Dan Heyman: US reporter arrested for shouting questions on healthcare
- Published
A reporter was arrested on Tuesday night at the West Virginia Capitol for allegedly causing a disturbance by shouting questions to two Trump aides.
Dan Heyman had asked Health Secretary Tom Price and White House adviser Kellyanne Conway about coverage under the Republican healthcare plan.
The veteran health reporter wanted to know if domestic violence would be covered as a pre-existing condition.
He later said he "was trying to do my job". He nows faces a prison sentence.
Mr Heyman, who works for the Public News Service, spoke to reporters after being released by police.
He said that he had been following the Trump team's entourage through the capitol building while wearing his press badge and a shirt identifying his media outlet.
"He didn't say anything," Mr Heyman told reporters about Mr Price's refusal to answer his question.
"So I persisted," he added.
Mr Price and Ms Conway were in West Virginia for a conference on the opioid epidemic, and its effect on West Virginia, which has seen more overdoses than any other US state.
"This is my job, this is what I'm supposed to do," he said. "I think it's a question that deserves to be answered.

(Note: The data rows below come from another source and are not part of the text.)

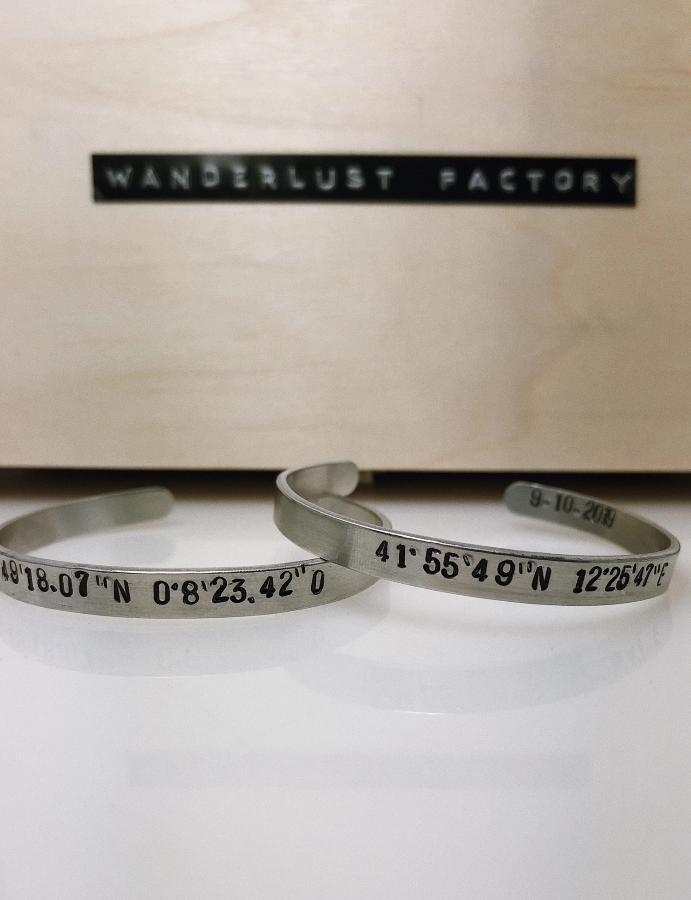 Bracciale personalizzato SLIM - font MINI - Wanderlust Factory® ☽ Mobile Fashion Boutique 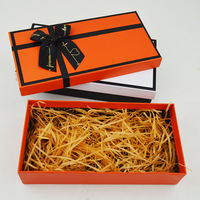 Boîte cadeau rigide de luxe personnalisée en papier gaufré orange pour écharpe, parfum, rouge à lèvres, emballage avec ruban – Vente en gros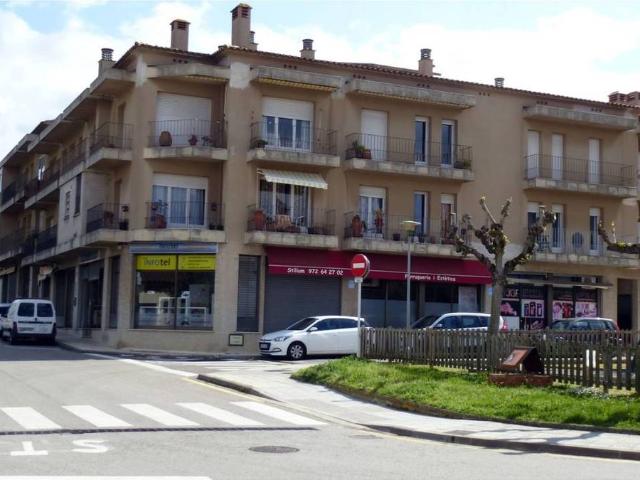 Local comercial en Alquiler en La Bisbal d'Empordà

I think it's my job to ask questions and I think it's my job to try to get answers."
According to a criminal complaint, Mr Heyman was "aggressively breaching the secret service agents to the point where the agents were forced to remove him a couple of times from the area walking up the hallway in the main building of the Capitol.
"The defendant was causing a disturbance at Ms Conway and Secretary Price."

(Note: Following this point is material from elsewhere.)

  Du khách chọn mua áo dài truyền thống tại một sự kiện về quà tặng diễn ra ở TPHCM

He was charged with wilful disruption of government processes.
Mr Heyman retorted that he was in a public space, and had not been warned to step away.
Mr Heyman's actions, saying his "arrest is a blatant attempt to chill an independent, free press. The charges against him are outrageous, and they must be dropped immediately".
"They [the Trump administration] have shown us every day since Donald Trump took office that they don't care about the First Amendment, or the free press. Today was just another example of that. It's horrifying," said ACLU-West Virginia legal director Jamie Lynn Crofts.